Steven Barclay notifications at github.com
Fri Feb 12 13:49:33 CET 2021


@chimp1984 Yes, that interpretation is basically correct. Thinking a bit further about the new BSQ tx rules, it would be useful to be able to create more than one TBSQ-ATBSQ pair per tx, just as in your example above (unlike in the original rules I devised, which always create one pair out of the first two outputs only). That would be useful for on-chain txs which atomically exchange newly created TBSQ and BTC between the traders, as in your examples. Also, it would mean that if a lightning channel had built up multiple pairs of differently tainted TBSQ-ATBSQ pairs in its final state (through lots of different trades being routed through it without all being completely cleaned up), then a cooperative channel closure would consist of just a single tx which spends the 2-2 BSQ lockup and creates all the pairs at once. That would be much neater and more efficient than trying to do it in multiple txs. To create multiple pairs of possibly different taint, perhaps one `OP_RETURN` output could be included per pair, or perhaps all the separate TAG & DBH fields could be strung together in a single `OP_RETURN` field (if that wouldn't make it too long).

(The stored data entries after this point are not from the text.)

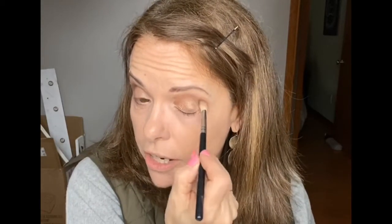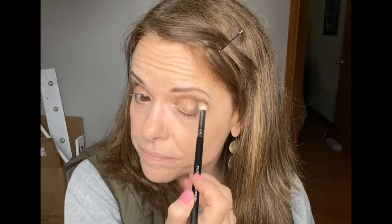The next color is called Marvelous — it's slightly darker. We're going to take it with a denser brush and go right over what we just did to add a little depth. Then we take what's left on the brush, squeeze it, and put it right along the lash line. Make sure you tap the brush off, put it over the Nimble we applied earlier, blend it out, and then run it along the lash line on both eyes.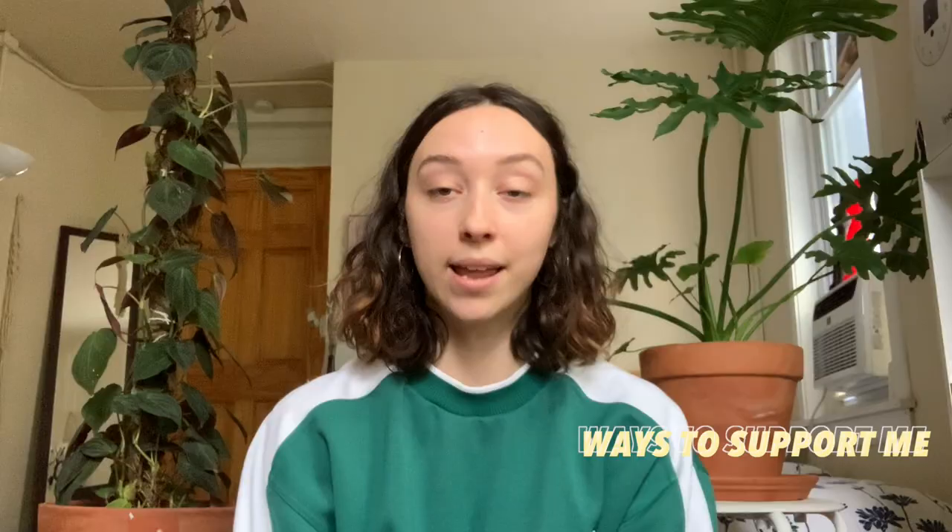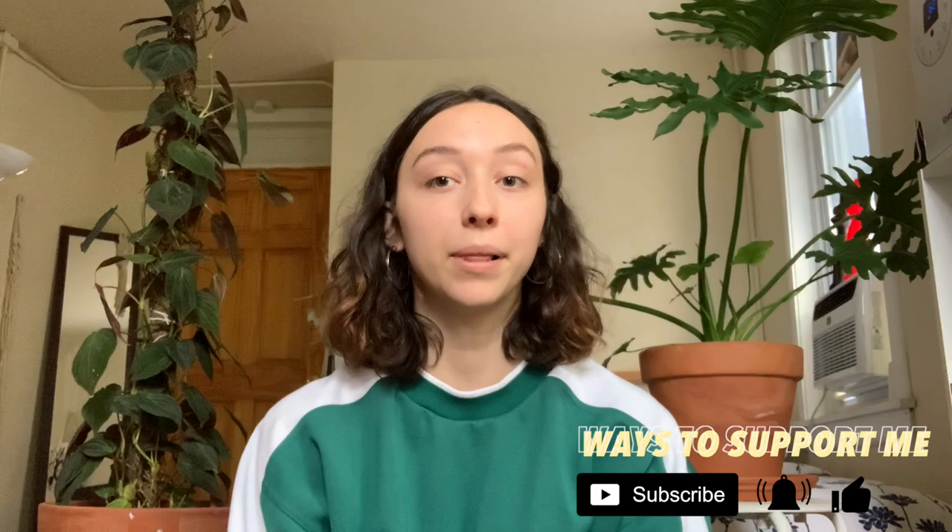Let me guess — you bought houseplants in quarantine and you might be killing them. Hi everyone, I'm Kat and welcome to my channel. Today I'm going to be talking about five common mistakes beginner houseplant owners make when they start their collection. These are mistakes that I've made myself, my plant friends have made, and are pretty common across the board. Don't feel bad — just identify it and fix it before you kill your entire collection.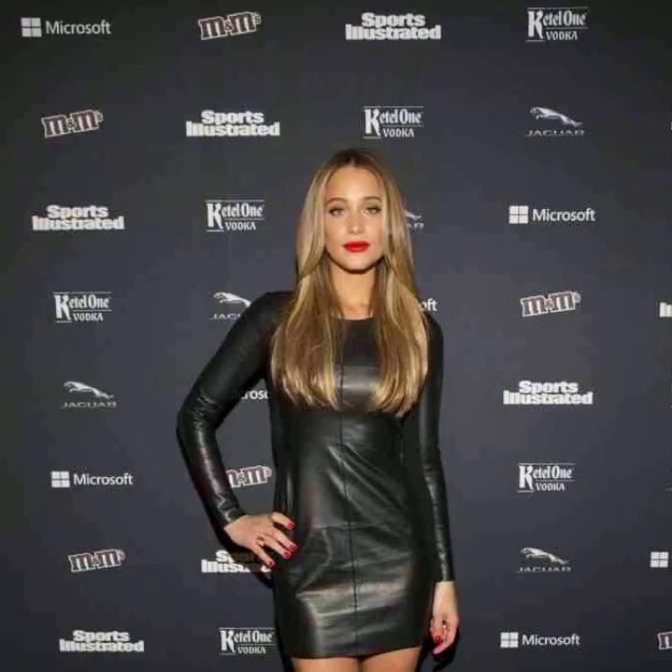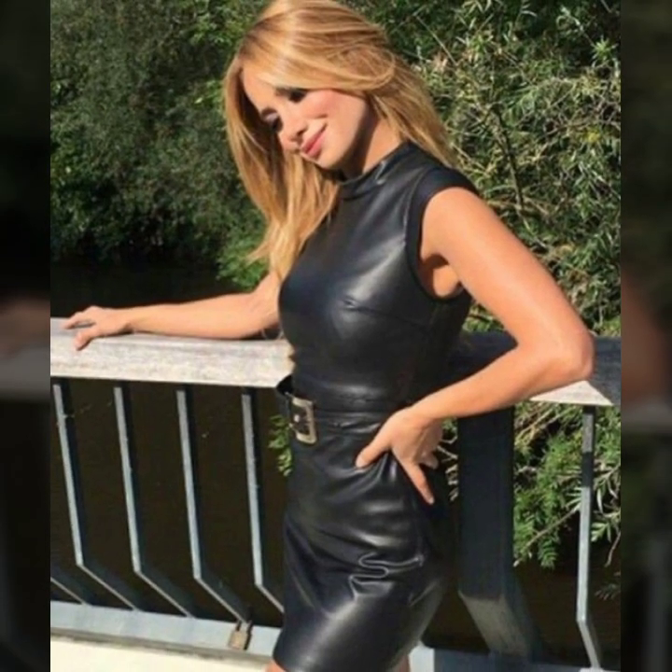Friends, this is me Asya, and today I will show you in this video a very attractive collection of leather bodycon for girls and women. Different designing, different stitching, and different styling of bodycon in leather — I hope you like it.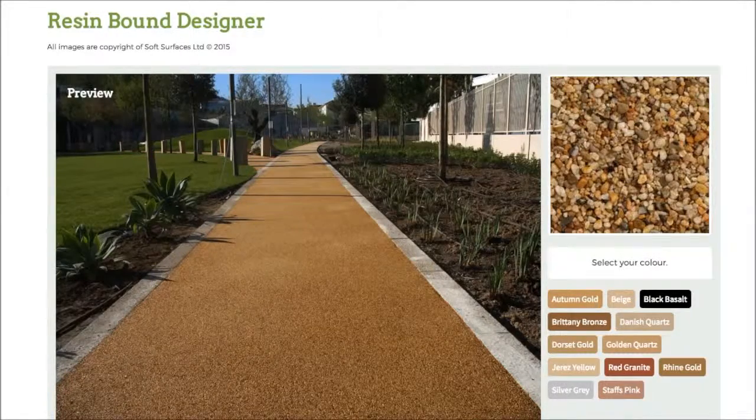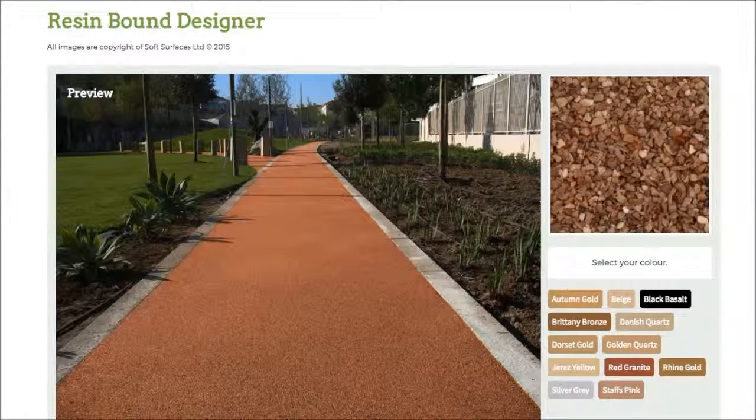So make sure you head out onto this site and do that if you are interested in installing resin bound, because it's a really nice feature to be able to use. Thank you very much for watching and I will see you guys later.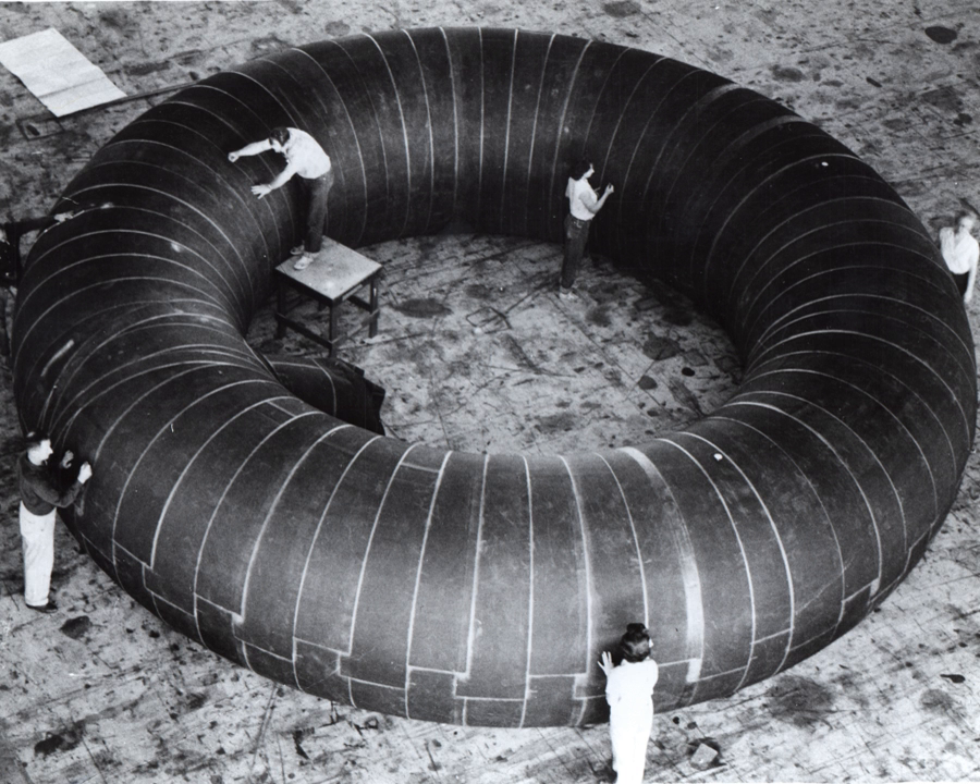Inflatable habitats or expandable habitats are pressurized structures capable of supporting life in outer space whose internal volume increases after launch. They have frequently been proposed for use in space applications to provide a greater volume of living space for a given mass.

Also thinking further, the BTC security deposits are unnecessary as you point out, when Alice & Bob both double up as escrow agents and they each contribute some minimum amount to the bond total. (They don't actually have to have equal sized bonds - the total size is what's really important.) This can be seen since they would just be redistributing the escrow among themselves in proportion to their respective bond sizes, in their joint role as escrow agents. (So if their bonds were equal size, for example, they would first split the BTC escrow equally, make the fiat payment and then settle the BTC  - a sort of "pay half now and half on delivery" scheme.) Provided each contribute a bond above some minimum percentage of the total (15 / 1.30 ~= 11.5% for a 15% security deposit), then the initial escrow redistribution to match the bond ratio wouldn't cause the BTC amount of either party to drop below the security deposit, so the security deposit could just be elided. When adjusting the trade parameters, as Alice or Bob's bond starts to drop below 11.5% of the total, it would be necessary for them both to contribute an ever growing BTC security deposit starting from 0%, until finally it reached 15% when one of the party's bond completely disappeared.